Cost: $10 to $30 per application (but cheaper if you consider no nail polish or do it at home).
How long it takes: 30 minutes.
How long it lasts: About five days with no chips.
How to take it off: It’s pretty simple. Grab some polish remover and cotton pads and you’re good to go.
How it affects nail health: Wear it as often as you like—it has no negative affect. A basic manicure is one of the safest types of manicures from the bunch. It’s an easy process and removal allows little to no room for splitting or breaking nails.

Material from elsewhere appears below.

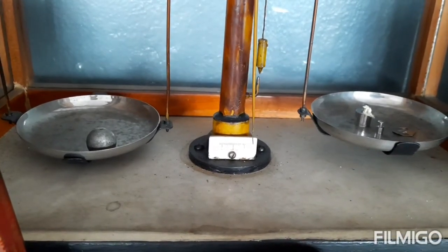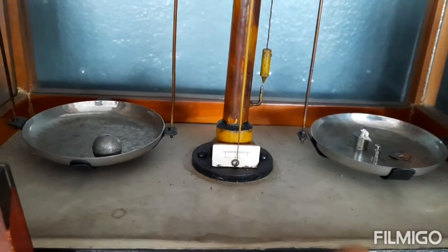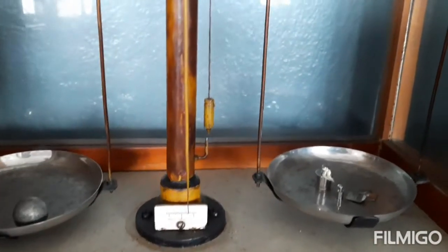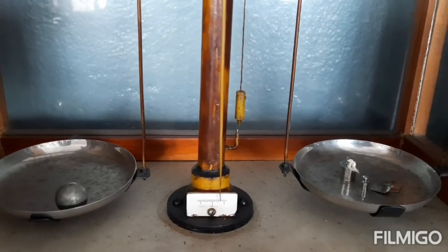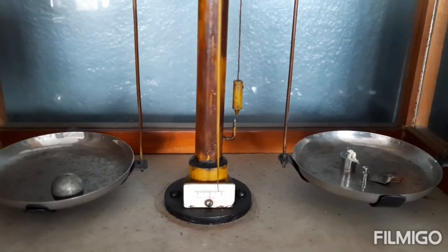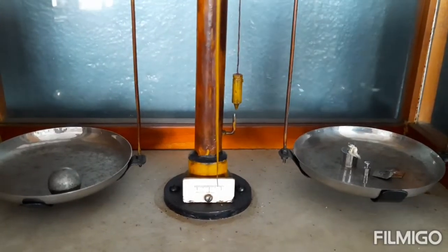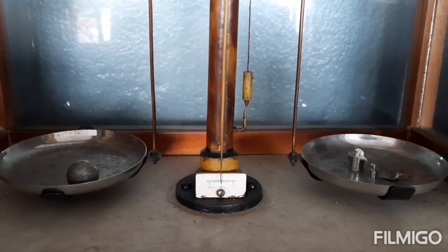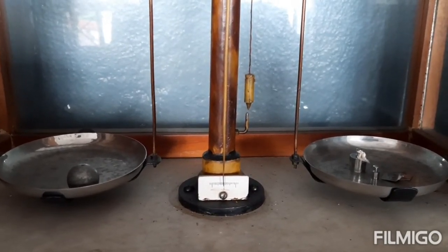It shows that the bob is more, meaning it is 500 milligrams plus some more. Now we try with 500 milligram plus 200 milligram — we find the pointer still moves towards the right only, not towards the left. That means the bob is a little heavier than the weight. Now we try with an additional 20 milligrams.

The downsides: It’s prone to chipping quicker and losing its shine than most manicures (even with a good top coat). Simply put: Don’t expect this one to last more than a week.
2. Shellac Manicure
This is probably what you’re getting when you book a gel mani. It’s basically a hybrid of gel and nail polish that’s cured and hardened with a UV light, so zero drying time baby. The word Shellac is actually just the trademark name of CND, the first company to invent and register this type of polish. It’s less harder than gel (and soaks off with acetone), but it’s tougher and more flexible to wear than a basic manicure.
Cost: $25 to $60 per application.
How long it takes: 45 minutes to an hour.
How long it lasts: About two to three weeks with no chips.
How to take it off: You’ll need cotton pads, acetone, aluminum foil and a cuticle pusher to try the soaking method at home. You can also visit a salon to get a less damaging removal.
How it affects nail health: Some peeling or breakage might occur if you just go ahead and rip them off without using the proper removal technique (ahem, see above). Take your time to gently soak them off for strong natural nails in between salon visits.
The downsides: It can be a bit expensive depending on the salon. Plus, its tougher exterior can make it difficult to remove which can damage your nail bed if not taken off properly.
3. Gel Manicure
Also known as “hard gel,” this mani can be applied over natural or fake nails. The main difference from Shellac (or soak-off gel) is that you can extend the length of the nail, which can be sculpted and shaped just like acrylic. From square to coffin style, this manicure can last longer than soft gel styles. Plus, it’s more flexible and can resemble your natural nails to a T.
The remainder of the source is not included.